___ Source data

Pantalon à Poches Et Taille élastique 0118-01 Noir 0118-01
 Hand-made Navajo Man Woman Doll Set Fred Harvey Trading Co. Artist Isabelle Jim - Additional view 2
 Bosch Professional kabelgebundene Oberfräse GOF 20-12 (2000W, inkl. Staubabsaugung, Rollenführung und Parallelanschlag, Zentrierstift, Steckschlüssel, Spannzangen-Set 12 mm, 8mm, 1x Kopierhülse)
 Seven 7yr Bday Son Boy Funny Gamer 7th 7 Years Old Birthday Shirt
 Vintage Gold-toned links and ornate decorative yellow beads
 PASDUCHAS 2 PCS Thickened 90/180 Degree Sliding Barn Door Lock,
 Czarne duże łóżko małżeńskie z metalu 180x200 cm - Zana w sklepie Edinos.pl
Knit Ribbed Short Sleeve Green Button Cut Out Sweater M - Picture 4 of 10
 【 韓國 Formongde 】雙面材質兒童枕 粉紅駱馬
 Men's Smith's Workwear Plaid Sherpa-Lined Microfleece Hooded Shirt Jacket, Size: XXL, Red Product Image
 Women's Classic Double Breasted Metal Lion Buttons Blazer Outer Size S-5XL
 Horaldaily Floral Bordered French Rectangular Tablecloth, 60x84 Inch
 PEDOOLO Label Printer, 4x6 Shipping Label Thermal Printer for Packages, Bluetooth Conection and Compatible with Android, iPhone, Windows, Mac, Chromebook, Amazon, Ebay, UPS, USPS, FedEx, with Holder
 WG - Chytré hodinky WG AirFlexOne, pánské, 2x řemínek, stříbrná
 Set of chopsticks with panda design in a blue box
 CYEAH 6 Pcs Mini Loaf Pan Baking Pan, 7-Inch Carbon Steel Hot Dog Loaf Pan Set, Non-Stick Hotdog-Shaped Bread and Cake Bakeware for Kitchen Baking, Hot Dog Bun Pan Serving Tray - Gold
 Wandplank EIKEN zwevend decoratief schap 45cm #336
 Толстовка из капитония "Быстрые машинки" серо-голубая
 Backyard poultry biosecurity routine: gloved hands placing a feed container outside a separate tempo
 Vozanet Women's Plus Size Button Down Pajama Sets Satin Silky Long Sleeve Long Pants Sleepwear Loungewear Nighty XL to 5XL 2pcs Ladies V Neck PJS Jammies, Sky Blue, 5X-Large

______

| Problem description |
All lines from the beginning of the entries through the line marked "PASDUCHAS 2 PCS" are to be output exactly; nothing else belongs in the answer.

| Your solution |
Pantalon à Poches Et Taille élastique 0118-01 Noir 0118-01
 Hand-made Navajo Man Woman Doll Set Fred Harvey Trading Co. Artist Isabelle Jim - Additional view 2
 Bosch Professional kabelgebundene Oberfräse GOF 20-12 (2000W, inkl. Staubabsaugung, Rollenführung und Parallelanschlag, Zentrierstift, Steckschlüssel, Spannzangen-Set 12 mm, 8mm, 1x Kopierhülse)
 Seven 7yr Bday Son Boy Funny Gamer 7th 7 Years Old Birthday Shirt
 Vintage Gold-toned links and ornate decorative yellow beads
 PASDUCHAS 2 PCS Thickened 90/180 Degree Sliding Barn Door Lock,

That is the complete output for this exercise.